The kicker is, though, that it sends back information about the websites you visit to a server in some distant light industrial facility. (And the passwords? They ain't telling.) By November 2003, they had already accumulated the world's seventh biggest database - some 12.1 terabytes of mass surveillance of the unwitting. Now, if anyone can tell me what the job of "Chief Privacy Officer" to these scum entails, I'd be glad to hear it.
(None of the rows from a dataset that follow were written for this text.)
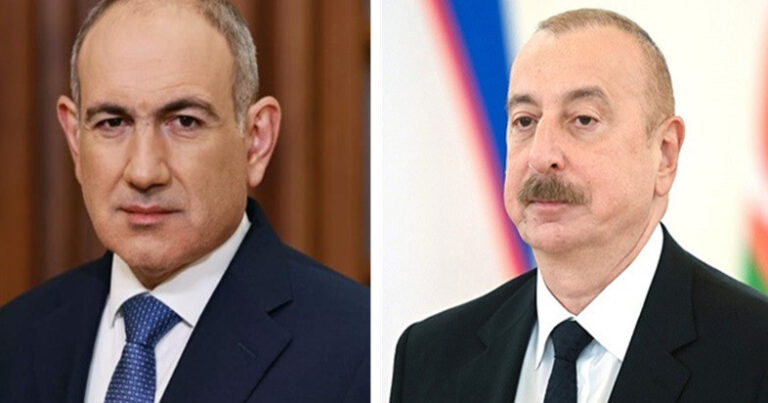 Əliyev-Paşinyan görüşü üçün niyə məhz Dubay seçilib? – “Təsadüf, yoxsa…” – VACİB MƏQAMLAR 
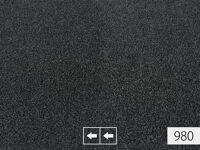 Intrigo Teppichfliese | melierter Velours | Format 50x50cm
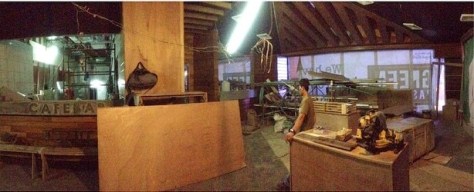 Green Pastures Eastwood soon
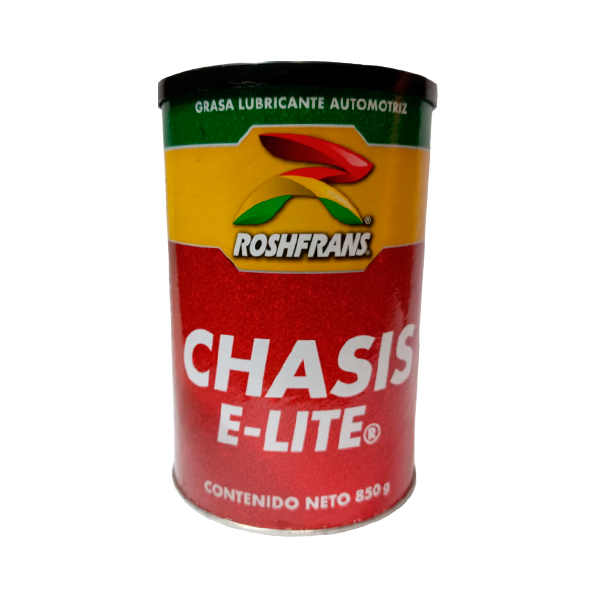 Tracto Partes Cuitláhuac - Grasa Chasis Elite
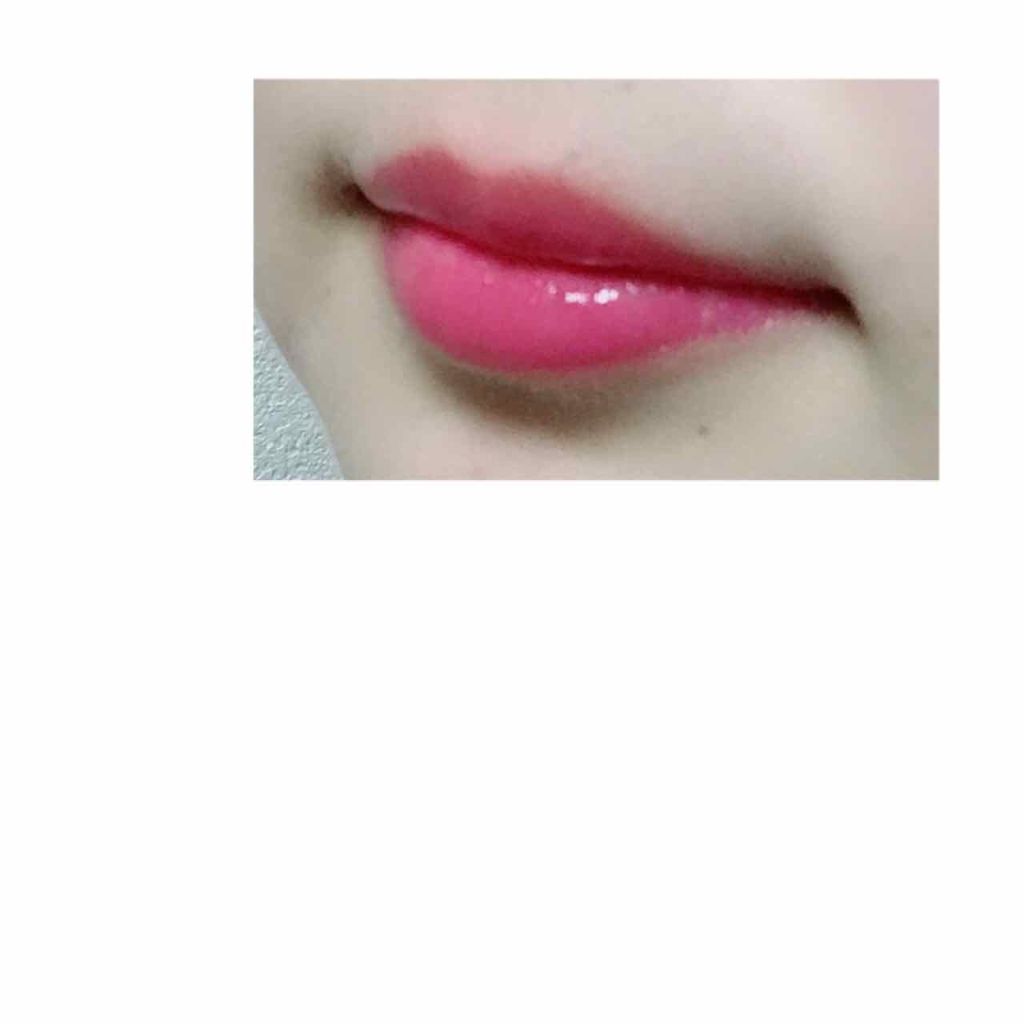 ブライトアップルージュ/media/口紅を使ったクチコミ(3枚目)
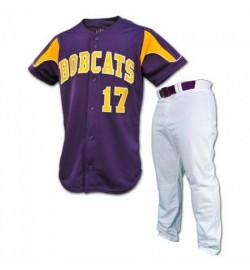 Baseball Uniform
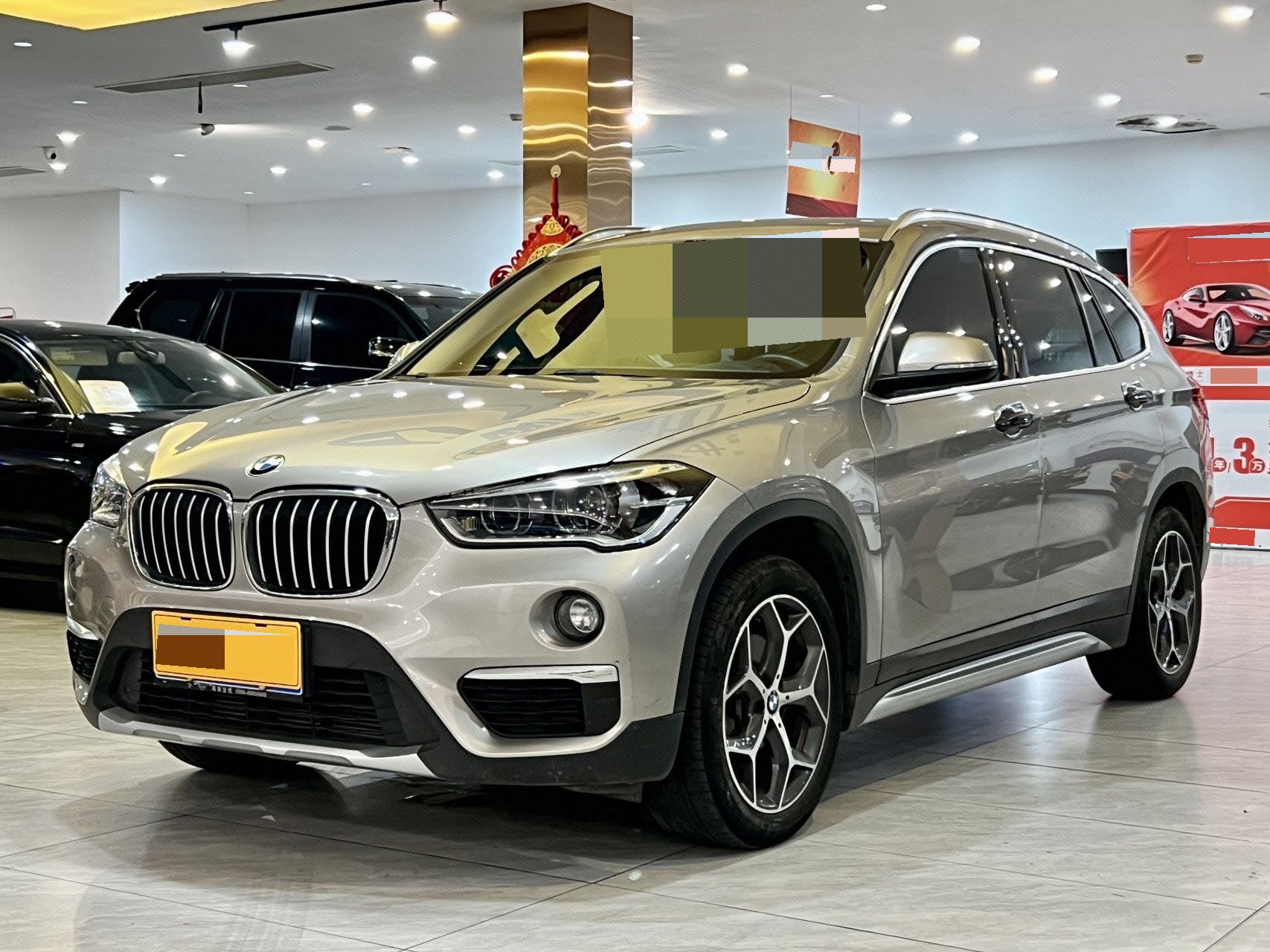 2019 2019 car image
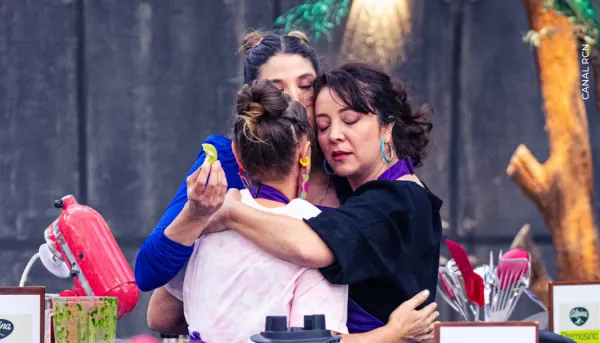 Dominica Duque | Canal RCN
Surely the only way of protecting their victims' privacy would be to drag those servers out and hurl them off a motorway bridge, before collecting up the smashed hard disks and jumping on the bits?
Now, I'm not going to jump to conclusions about exactly why the DHS want to know this fellow, but I am going to put a question. If you wanted advice on electronic privacy, would you ask a spammer? I mean, are these people physically capable of doing anything without being evil and stupid and depraved? On this evidence you could set Republicans to pass a bill granting free ponies to little girls and they'd find a way to turn it into some kind of Orwellian horror show. I just can't see what's conservative about this.
Speaking of DHS, I notice someone there's developing an interest in Viktor Bout. They searched Google for "victor bout richard chichakli" and ended up here; they returned six times and read pretty much the lot. Not just that, but our old friend lye2.latimes.com's been back, and someone in France searched for "An12 msn 4341803", an aircraft we've had dealings with before. Stand by for action on the Bout front.